DATA BELOW:
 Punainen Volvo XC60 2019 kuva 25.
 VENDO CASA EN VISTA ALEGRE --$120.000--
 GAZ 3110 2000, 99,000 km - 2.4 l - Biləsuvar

REQUIRED ACTION:
Copy out the full material exactly as it appears.

RESPONSE TO THIS EXERCISE:
 Punainen Volvo XC60 2019 kuva 25.
 VENDO CASA EN VISTA ALEGRE --$120.000--
 GAZ 3110 2000, 99,000 km - 2.4 l - Biləsuvar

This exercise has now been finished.